I need to solve a minimization problem with Matlab and I'm wondering which is the easiest solution. All the potential solutions that I've been thinking in require lot of programming effort.
Suppose that I have a lat/long coordinate point (A,B), what I need is to search for the nearest point to this one in a map of lat/lon coordinates.
In particular, the latitude and longitude arrays are two matrices of 2030x1354 elements (1km distance) and the idea is to find the unique indexes in those matrices that minimize the distance to the coordinates (A,B), i.e., to find the closest values to the given coordinates (A,B).
Any help would be very appreciated.
Thanks!
This is always a fun one :)
First off: Mohsen Nosratinia's answer is OK, as long as
you don't need to know the actual distance
you can guarantee with absolute certainty that you will never go near the polar regions
and will never go near the ±180° meridian
For a given latitude, -180° and +180° longitude are actually the same point, so simply looking at differences between angles is not sufficient. This will be more of a problem in the polar regions, since large longitude differences there will have less of an impact on the actual distance.
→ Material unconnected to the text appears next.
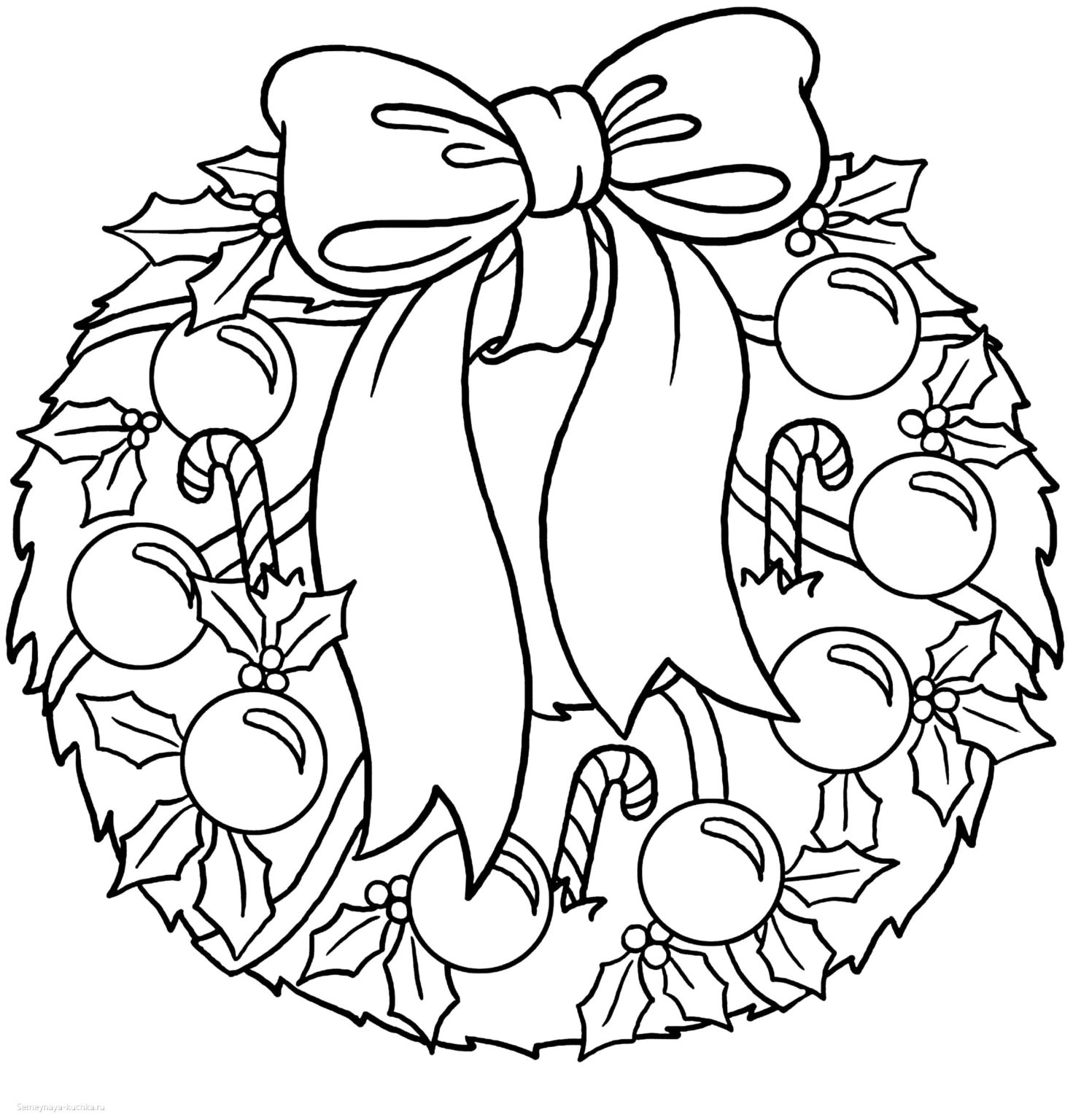 Printable Christmas Coloring Book Pages Printable Christmas Coloring Book Pages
Spherical coordinates are very useful and practical for purposes of navigation, mapping, and that sort of thing. For spatial computations however, like the on-surface distances you are trying to compute, spherical coordinates are actually pretty cumbersome to work with.
Although it is possible to do such calculations using the angles directly, I personally don't consider it very practical: you often have to have a strong background in spherical trigonometry, and considerable experience to know its many pitfalls -- very often there are instabilities or "special points" you need to work around (the poles, for example), quadrant ambiguities you need to consider because of trig functions you've introduced, etc.
I've learned to do all this in university, but I also learned that the spherical trig approach often introduces complexity that mathematically speaking is not strictly required, in other words, the spherical trig is not the simplest representation of the underlying problem.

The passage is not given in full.